Former Manchester United manager Sir Alex Ferguson has described the late George Best as "a very gentle lad gripped by shyness", adding that the Belfast man's funeral in 2005 had the feel of a state occasion.
Ferguson's revealing comments about the former Manchester United and Northern Ireland hero are made in his much talked about autobiography which is in shops now.
The ex-United boss was a huge fan of Best the player, but admitted he was worried by the insecurity George showed away from the pitch.
Ferguson wrote: "In November 2005, we lost George Best. He was a very nice bloke, George, a very gentle lad, a bit nervous somehow. Nervous to talk to you.
"He had an insecurity about him that worried you.
"I remember sitting in a bar in Japan with him once – he was with his girlfriend – and he could hardly talk. He seemed gripped by shyness."

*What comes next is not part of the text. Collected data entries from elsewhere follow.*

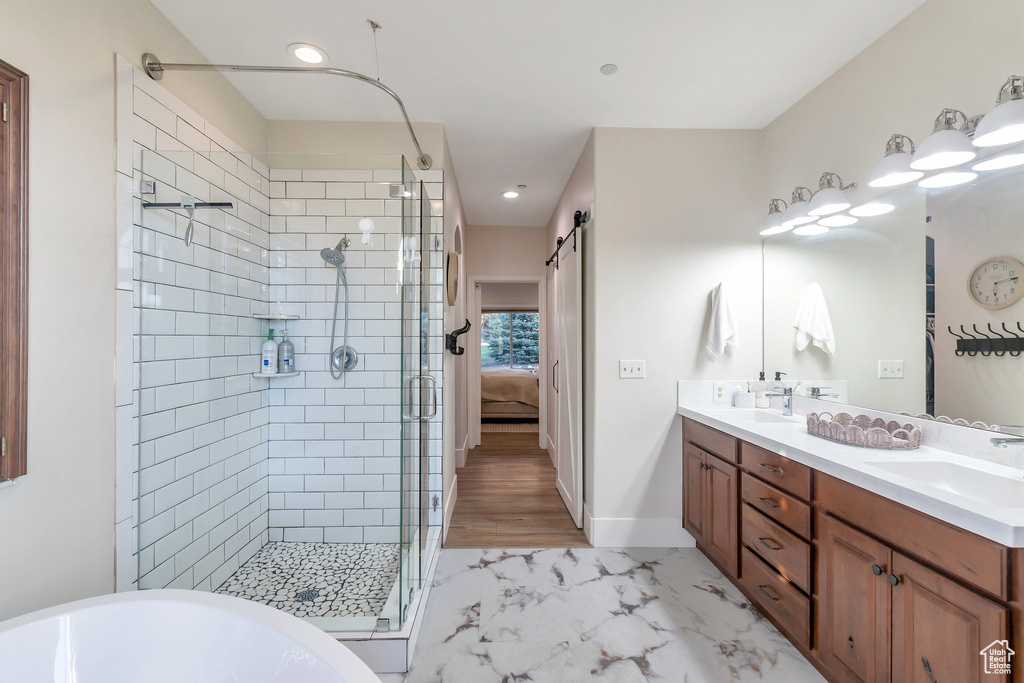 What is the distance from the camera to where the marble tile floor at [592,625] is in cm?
168

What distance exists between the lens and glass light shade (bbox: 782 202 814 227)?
7.58 ft

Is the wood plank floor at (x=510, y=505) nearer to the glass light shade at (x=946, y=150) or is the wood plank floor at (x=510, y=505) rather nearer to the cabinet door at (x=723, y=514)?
the cabinet door at (x=723, y=514)

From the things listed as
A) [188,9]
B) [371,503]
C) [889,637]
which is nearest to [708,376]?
[889,637]

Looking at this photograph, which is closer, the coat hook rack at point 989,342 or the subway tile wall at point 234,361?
the coat hook rack at point 989,342

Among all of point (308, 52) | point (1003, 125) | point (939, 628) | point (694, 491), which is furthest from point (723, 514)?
point (308, 52)

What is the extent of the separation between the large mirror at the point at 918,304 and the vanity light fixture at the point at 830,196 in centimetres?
13

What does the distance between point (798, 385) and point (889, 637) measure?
145cm

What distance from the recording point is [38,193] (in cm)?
122

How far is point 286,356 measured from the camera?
213 cm

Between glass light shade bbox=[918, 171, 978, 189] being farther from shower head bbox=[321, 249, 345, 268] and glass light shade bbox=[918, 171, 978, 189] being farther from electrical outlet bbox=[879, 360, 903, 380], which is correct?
shower head bbox=[321, 249, 345, 268]

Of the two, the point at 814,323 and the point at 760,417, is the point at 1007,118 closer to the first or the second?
the point at 814,323

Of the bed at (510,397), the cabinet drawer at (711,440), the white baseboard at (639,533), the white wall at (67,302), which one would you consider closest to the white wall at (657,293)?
the white baseboard at (639,533)

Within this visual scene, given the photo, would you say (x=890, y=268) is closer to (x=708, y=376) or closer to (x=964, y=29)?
(x=964, y=29)

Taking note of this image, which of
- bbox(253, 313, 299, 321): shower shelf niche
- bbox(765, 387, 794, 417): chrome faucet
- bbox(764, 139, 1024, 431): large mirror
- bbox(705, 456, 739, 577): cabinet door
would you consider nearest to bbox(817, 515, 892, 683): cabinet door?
bbox(705, 456, 739, 577): cabinet door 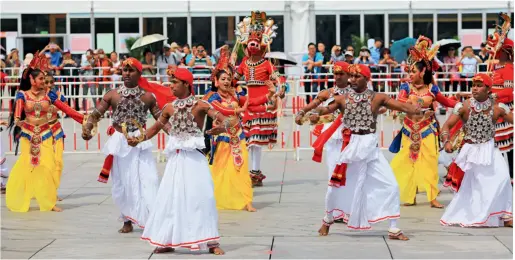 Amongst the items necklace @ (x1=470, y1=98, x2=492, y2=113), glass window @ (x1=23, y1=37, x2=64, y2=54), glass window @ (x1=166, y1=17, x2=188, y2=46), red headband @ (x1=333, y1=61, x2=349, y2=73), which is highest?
glass window @ (x1=166, y1=17, x2=188, y2=46)

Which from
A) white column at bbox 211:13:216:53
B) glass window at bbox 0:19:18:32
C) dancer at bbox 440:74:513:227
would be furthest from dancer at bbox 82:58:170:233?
glass window at bbox 0:19:18:32

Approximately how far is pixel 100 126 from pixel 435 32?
44.3 feet

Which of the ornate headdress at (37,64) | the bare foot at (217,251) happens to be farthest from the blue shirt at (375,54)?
the bare foot at (217,251)

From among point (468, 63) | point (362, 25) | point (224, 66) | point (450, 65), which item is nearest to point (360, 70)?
point (224, 66)

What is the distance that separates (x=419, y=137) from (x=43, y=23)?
23.5 metres

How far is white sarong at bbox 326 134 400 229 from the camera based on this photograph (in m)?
10.6

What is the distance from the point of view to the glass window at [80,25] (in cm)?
3447

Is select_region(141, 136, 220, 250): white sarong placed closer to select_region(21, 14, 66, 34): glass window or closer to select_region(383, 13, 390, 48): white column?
select_region(383, 13, 390, 48): white column

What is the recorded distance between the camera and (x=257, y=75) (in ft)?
48.1

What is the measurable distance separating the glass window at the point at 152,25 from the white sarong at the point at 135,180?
23.6 meters

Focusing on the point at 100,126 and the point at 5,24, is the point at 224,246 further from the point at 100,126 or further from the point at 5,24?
the point at 5,24

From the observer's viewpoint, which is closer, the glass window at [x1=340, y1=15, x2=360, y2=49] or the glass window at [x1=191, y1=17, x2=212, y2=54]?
the glass window at [x1=340, y1=15, x2=360, y2=49]

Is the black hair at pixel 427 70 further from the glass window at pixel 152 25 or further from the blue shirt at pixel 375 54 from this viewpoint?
the glass window at pixel 152 25

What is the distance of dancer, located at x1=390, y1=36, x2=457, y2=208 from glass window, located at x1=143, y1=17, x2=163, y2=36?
2188cm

Ferguson attended Best's funeral in 2005 when it was estimated 100,000 people lined the streets of Belfast to pay their respects.
The funeral service took place at Stormont before Best (59) was buried beside his mother Ann at Roselawn Cemetery.
He recalled looking at George's dad Dickie, who has since died.
"The funeral was huge and sad and wonderfully orchestrated by the city of Belfast. It had the feel and grandeur of a state funeral," wrote the Scot. "I remember looking at George's father, a wee, humble man and thinking: 'He produced one of the greatest players of all-time'. A small man from Belfast, a quiet man. You could see where George got his reticence."
In Alex Ferguson: My Autobiography, published by Hodder and Stoughton, Ferguson talks about the fascination the public had for maverick characters and players like Best, who he said was more intelligent than many gave him credit for.
"The football public is basically working class, and for some reason they like people who are flawed. Best. (Paul) Gascoigne, Jimmy Johnstone. They see reflections of themselves in these imperfect heroes. They understand the frailty," said the former United boss, who is now a club director.
"George could have had a good life after football. He could have coached young players, but perhaps lacked the personality to be a tutor. A fact about George that few recognised is how intelligent he was."